Adapun partai politik yang berada pada kubu pasangan terpilih Joko Widodo-Jusuf Kalla bersikap berbeda. Mereka menolak tegas penghapusan pilkada langsung. Sikap serupa juga diperlihatkan oleh para kepala daerah dan kalangan penyokong otonomi daerah. Mereka berargumen, demokrasi seharusnya tidak dinilai dengan uang.
Pemilihan kepala daerah oleh DPRD dikhawatirkan pula akan memunculkan kartel politik yang mendikte kebijakan banyak daerah. Mekanisme ini juga rawan suap dan kongkalikong antara calon kepala daerah dan para anggota DPRD. Akibatnya, kepentingan rakyat akan diabaikan.
Pemerintah semestinya segera bersikap tegas dengan menarik lagi RUU itu. Tidak ada gunanya pembahasan RUU itu diteruskan karena akan sulit mencapai titik temu. Voting memang bisa dilakukan untuk mengambil keputusan. Masalahnya, tak ada keperluan mendesak untuk mengubah mekanisme pemilihan kepala daerah.

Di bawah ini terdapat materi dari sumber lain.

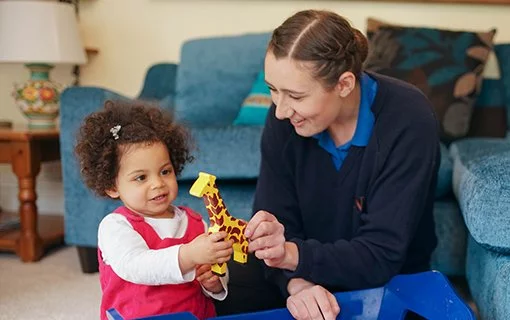 a little girl holding a toy giraffe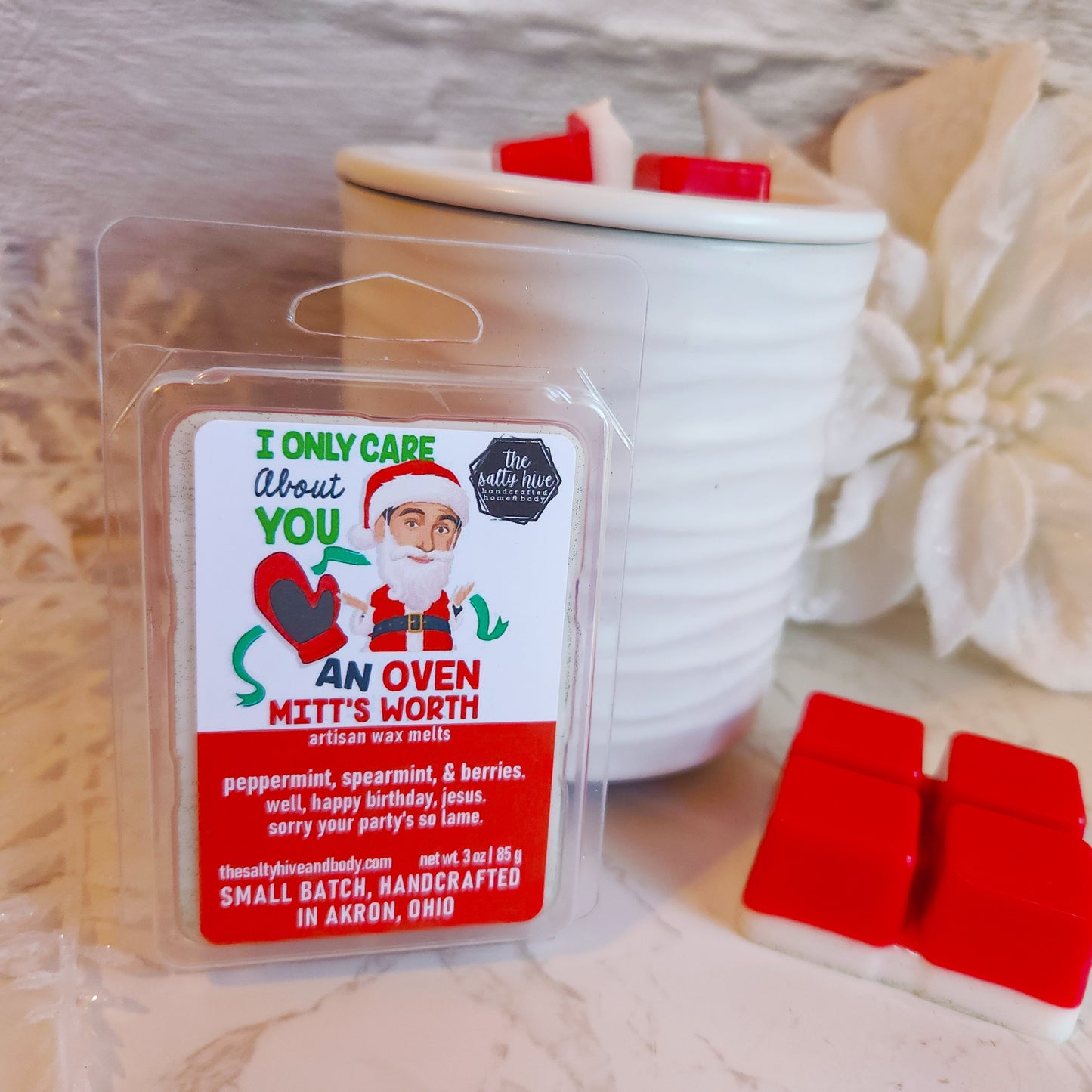 Wax melt package with Santa Claus design on a white surface with red wax melts. michael scott as santa from the office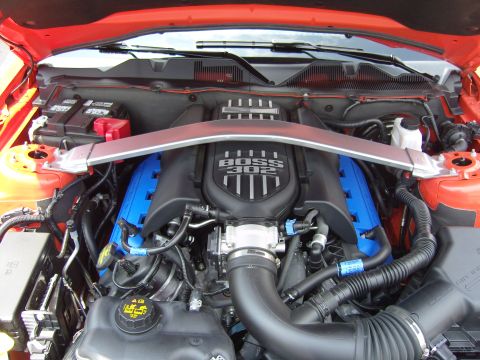 2007 Ford Mustang - The engine bay of a Ford Mustang, identified as a 2011 model based on its distinctive "BOSS 302" badging and engine design.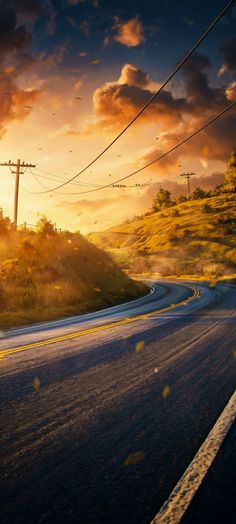 the sun is setting over an empty road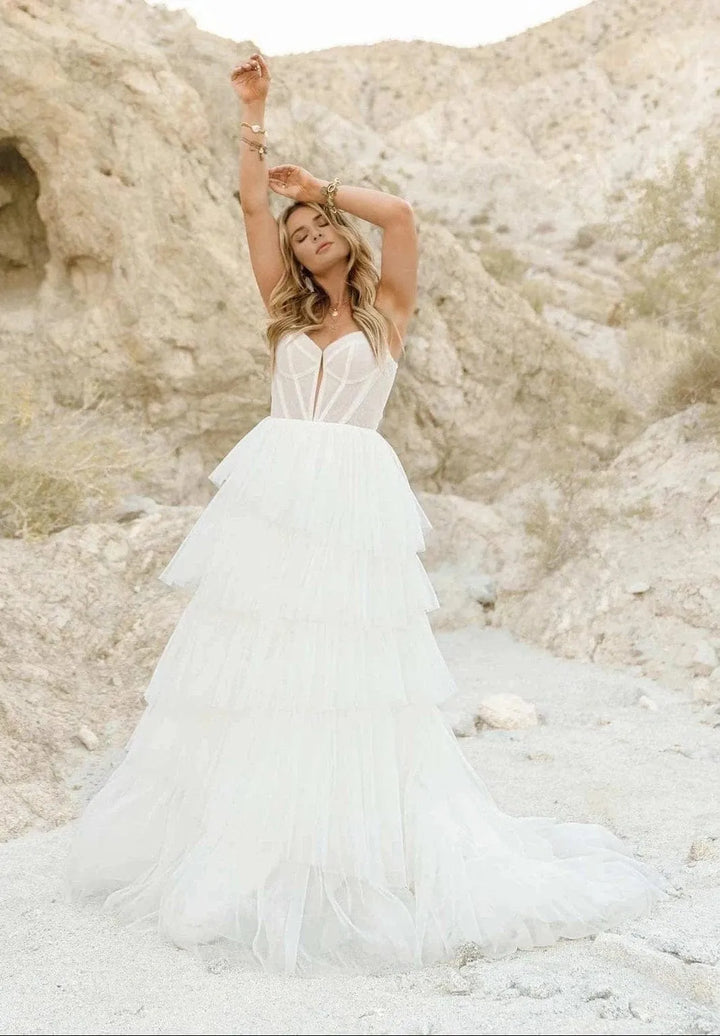 full front of all who wander jasper ivory tulle ball gown wedding dress with tiered skirt and detailed bodice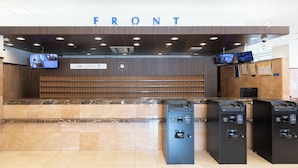 Ein Empfangsbereich mit einer Marmor-Theke, einer Uhr und einem Schild mit der Aufschrift 'FRONT'.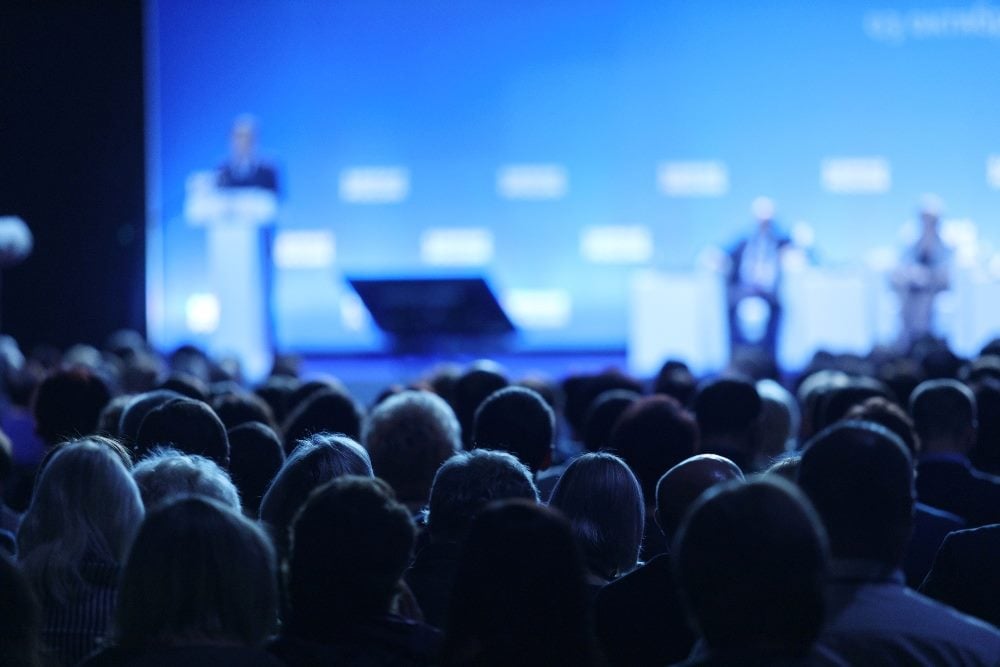 A speaker gives a talk in front of an audience in a conference hall lit in blue lighting in piece about contact center conferences and events.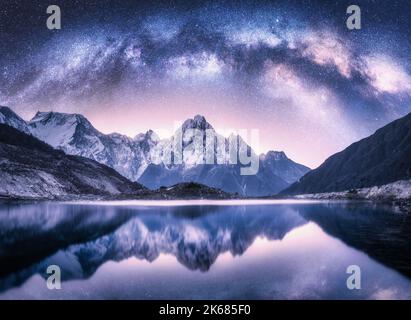 Arco di Via Lattea sulle montagne innevate e sul lago di notte Foto Stock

Sudah berkali-kali pemerintah mengevaluasi pemilihan langsung kepala daerah. Hasilnya, seperti yang tecermin dalam Naskah Akademik RUU Pilkada, hanya penghapusan pilkada langsung untuk gubernur yang direkomendasikan, dan bukan untuk bupati serta wali kota. Janggal bila Menteri Dalam Negeri Gamawan Fauzi terkesan memaksakan pembahasan RUU itu oleh Dewan Perwakilan Rakyat sekarang.
Bila pemerintah menarik RUU itu, kita justru bisa mengevaluasi lagi pilkada secara lebih cermat. Betapa berbahaya bila keinginan ke arah sentralisasi itu dibiarkan. Kali ini soal pilkada langsung yang diperdebatkan, lain kali mungkin pemilihan presiden langsung yang digugat. Bukankah pemilihan presiden juga bisa dilakukan oleh Majelis Permusyawaratan Rakyat agar lebih praktis dan efisien?
Presiden Yudhoyono, yang cukup berhasil menjaga demokrasi selama 10 tahun memerintah, seharusnya tidak membiarkan republik ini kembali ke ala Orde Baru.